▸ Records to use
+ + + + +

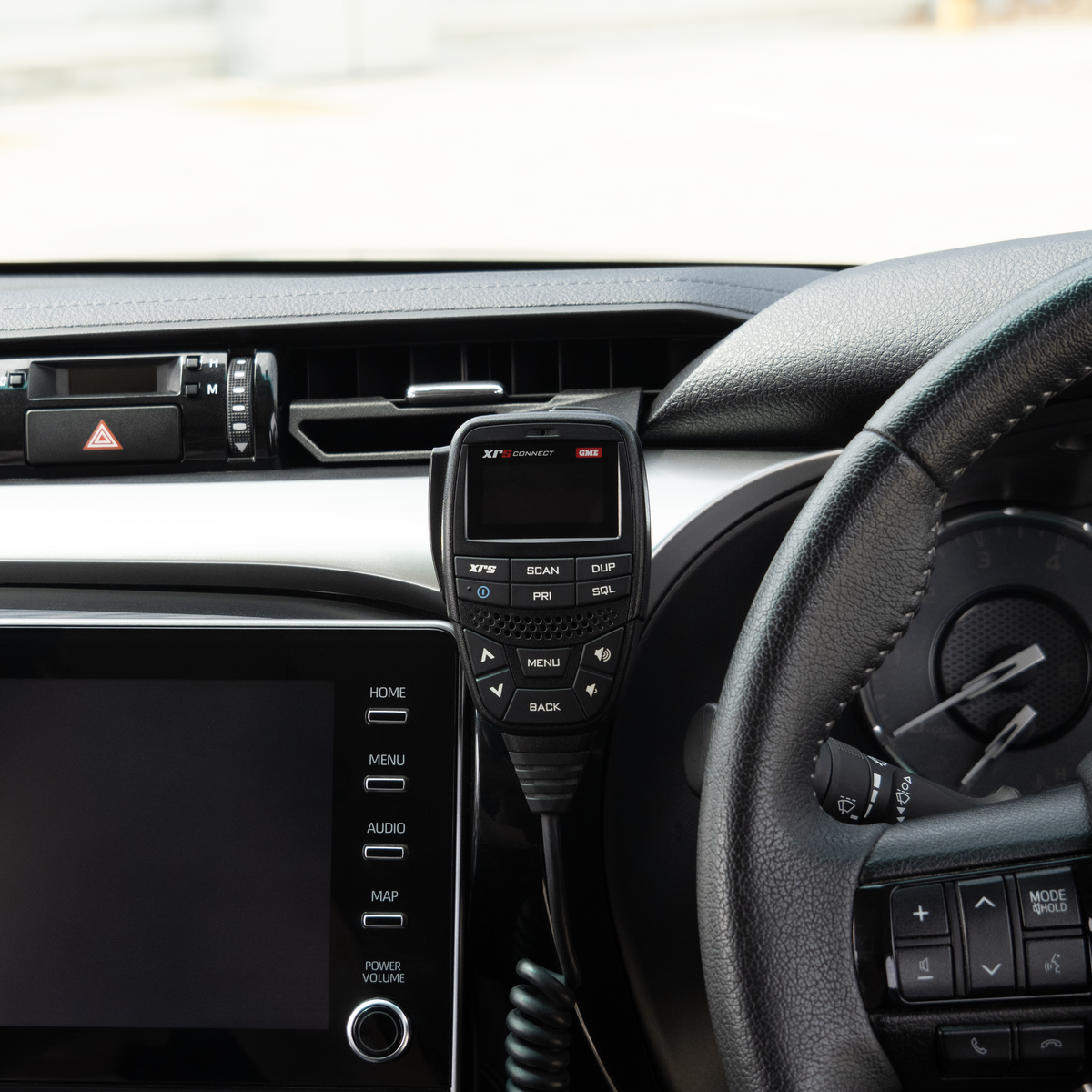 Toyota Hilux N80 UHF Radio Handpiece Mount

+ + + + +

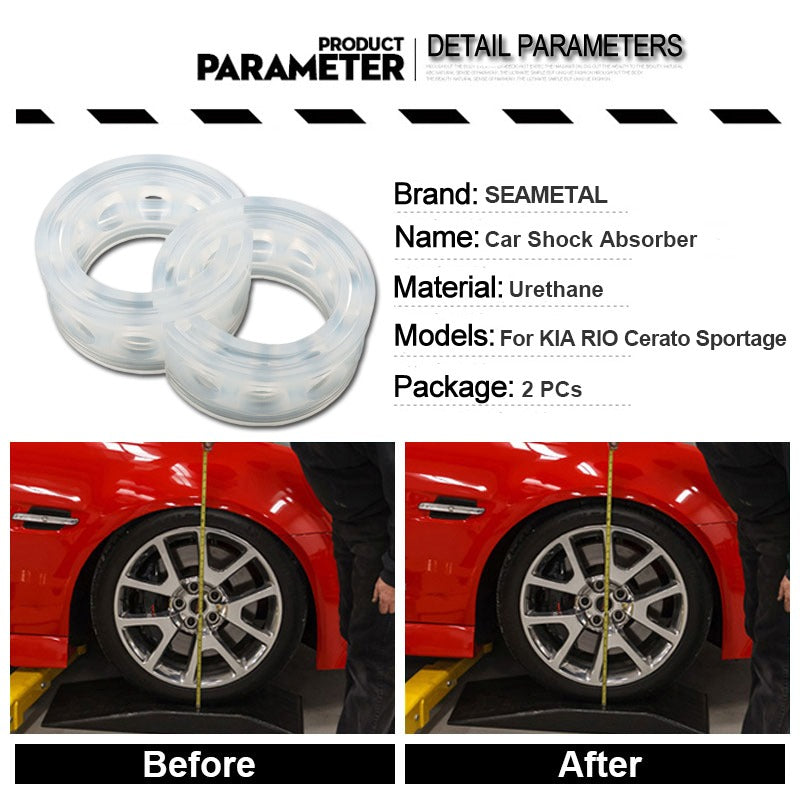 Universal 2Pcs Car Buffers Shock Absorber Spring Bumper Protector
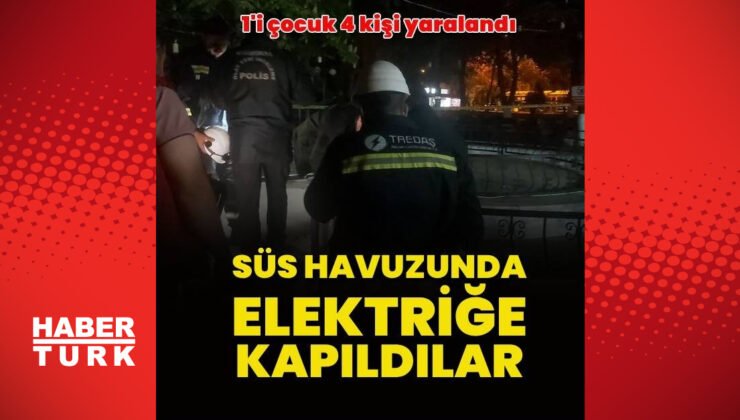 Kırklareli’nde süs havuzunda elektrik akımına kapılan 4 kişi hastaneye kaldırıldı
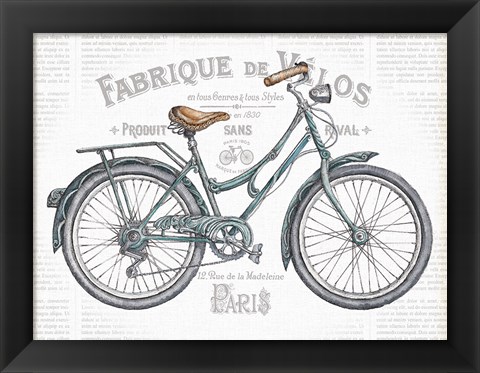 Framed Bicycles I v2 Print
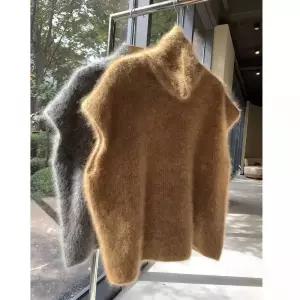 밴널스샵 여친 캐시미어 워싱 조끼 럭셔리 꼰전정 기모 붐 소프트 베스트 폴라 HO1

+ + + + +

▸ Description of the task
Above are the records; return the lines in them from the one with "Framed Bicycles I v2 Print" to the one with "밴널스샵 여친 캐시미어", inclusive, exactly and without images.

▸ Solution for this exercise
 Framed Bicycles I v2 Print
 밴널스샵 여친 캐시미어 워싱 조끼 럭셔리 꼰전정 기모 붐 소프트 베스트 폴라 HO1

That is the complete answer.